Luka Kemanusiaan yang Belum Sembuh

By , Kamis, 20 November 2014 | 17:10 WIB

Media juga sudah mulai berani mengungkap kejahatan hak asasi manusia masa lalu, dan dalam konteks ini tuntutan akan perlunya Komisi Kebenaran dan Rekonsiliasi digaungkan. Kita perlu mengungkapkan kebenaran (truth telling), menyatakan maaf dan kemudian melakukan penyembuhan (healing).

Sebagai sesama warga negara, sesaudara, rekonsiliasi harus dimulai. Bukankah mereka bertemu setiap waktu? Teruskah mereka tak bertegur sapa? Apakah dendam itu harus dilestarikan? Apakah segregasi harus diteruskan?

Seorang yang bernama Adi Rukun, adik dari korban pembunuhan yang bernama Ramli, yang sehari-hari adalah pedagang kacamata, mengerahkan keberaniannya untuk menggali kebenaran, mendatangi satu demi satu para pembunuh Ramli, mendengar cerita mereka sambil menawarkan kacamata agar para pembunuh tersebut bisa melihat lebih jelas.
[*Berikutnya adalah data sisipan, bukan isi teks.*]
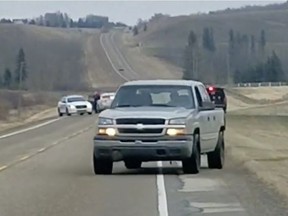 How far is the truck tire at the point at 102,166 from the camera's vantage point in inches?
885

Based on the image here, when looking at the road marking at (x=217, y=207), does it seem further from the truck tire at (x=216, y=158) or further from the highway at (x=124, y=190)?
the truck tire at (x=216, y=158)

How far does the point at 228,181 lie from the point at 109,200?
13.5ft

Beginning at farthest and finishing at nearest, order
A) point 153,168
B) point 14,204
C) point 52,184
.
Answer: point 153,168 < point 52,184 < point 14,204

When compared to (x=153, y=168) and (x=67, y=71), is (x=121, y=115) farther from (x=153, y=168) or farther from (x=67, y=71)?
(x=67, y=71)

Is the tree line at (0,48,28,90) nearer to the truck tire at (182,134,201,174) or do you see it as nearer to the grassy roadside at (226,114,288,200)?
the grassy roadside at (226,114,288,200)

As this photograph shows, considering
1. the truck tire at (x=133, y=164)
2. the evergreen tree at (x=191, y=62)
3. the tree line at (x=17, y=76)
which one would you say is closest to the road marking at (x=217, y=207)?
the truck tire at (x=133, y=164)

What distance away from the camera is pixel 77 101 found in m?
72.6

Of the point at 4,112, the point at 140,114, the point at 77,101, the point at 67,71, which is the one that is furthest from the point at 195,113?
the point at 67,71

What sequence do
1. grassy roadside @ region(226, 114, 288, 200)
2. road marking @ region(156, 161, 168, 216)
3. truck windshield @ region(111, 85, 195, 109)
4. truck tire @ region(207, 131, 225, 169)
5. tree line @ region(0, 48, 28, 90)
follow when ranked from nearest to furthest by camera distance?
road marking @ region(156, 161, 168, 216), grassy roadside @ region(226, 114, 288, 200), truck windshield @ region(111, 85, 195, 109), truck tire @ region(207, 131, 225, 169), tree line @ region(0, 48, 28, 90)

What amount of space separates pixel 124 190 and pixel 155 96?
14.3 feet

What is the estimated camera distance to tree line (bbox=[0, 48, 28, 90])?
162m

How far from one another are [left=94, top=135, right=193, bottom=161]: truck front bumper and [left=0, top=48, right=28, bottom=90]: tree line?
135 m

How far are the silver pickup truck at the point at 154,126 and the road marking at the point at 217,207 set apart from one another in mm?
4770

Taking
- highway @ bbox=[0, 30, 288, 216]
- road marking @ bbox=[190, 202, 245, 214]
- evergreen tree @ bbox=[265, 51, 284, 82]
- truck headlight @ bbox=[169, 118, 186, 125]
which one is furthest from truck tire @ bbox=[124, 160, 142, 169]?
evergreen tree @ bbox=[265, 51, 284, 82] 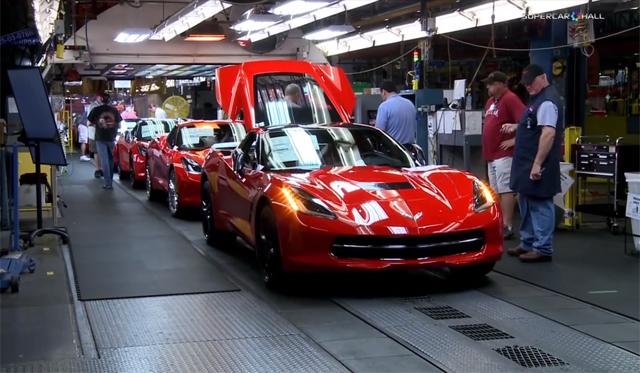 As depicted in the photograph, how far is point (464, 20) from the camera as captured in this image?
510 inches

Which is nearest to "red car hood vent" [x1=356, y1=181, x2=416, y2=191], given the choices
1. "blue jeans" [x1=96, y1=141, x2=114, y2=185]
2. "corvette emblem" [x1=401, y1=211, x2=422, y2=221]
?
"corvette emblem" [x1=401, y1=211, x2=422, y2=221]

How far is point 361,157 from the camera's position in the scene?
775 cm

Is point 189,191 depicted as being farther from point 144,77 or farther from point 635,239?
point 144,77

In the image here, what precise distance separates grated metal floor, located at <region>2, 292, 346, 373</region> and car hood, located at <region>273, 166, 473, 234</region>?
1066mm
Secara sistematis dan konsisten, Adi Rukun melontarkan pertanyaannya yang terkadang mirip seperti jaksa. Suaranya kadang bergetar karena marah.

Saya melihat Adi Rukun menangis walau dia mampu menahan aliran air matanya, termasuk ketika dia mengatakan bahwa salah satu yang disiksa dan dibunuh secara kejam oleh orang yang di hadapannya itu adalah abangnya yang bernama Ramli. Adi Rukun semakin hancur mengetahui bahwa tidak ada penyesalan dari para pembunuh, tidak ada permintaan maaf. Malah mereka bangga karena menjalankan tugas negara. Apakah membunuh orang-orang sipil tidak bersalah adalah tugas negara?

Dengan gontai Adi Rukun berjalan dari satu rumah ke lain rumah dan juga melihat tempat mayat abangnya, Ramli, dibuang. Dia tak kuasa mengerti mengapa mereka, para pembantai itu, tak mau meminta maaf.

Walau ada anggota keluarganya yang minta maaf, kebanyakan mereka mengatakan "biarlah semuanya berlalu, yang sudah terjadi jangan diungkit lagi". Tak ada secercah perasaan di hati mereka untuk mengerti luka yang ada dalam diri Adi Rukun.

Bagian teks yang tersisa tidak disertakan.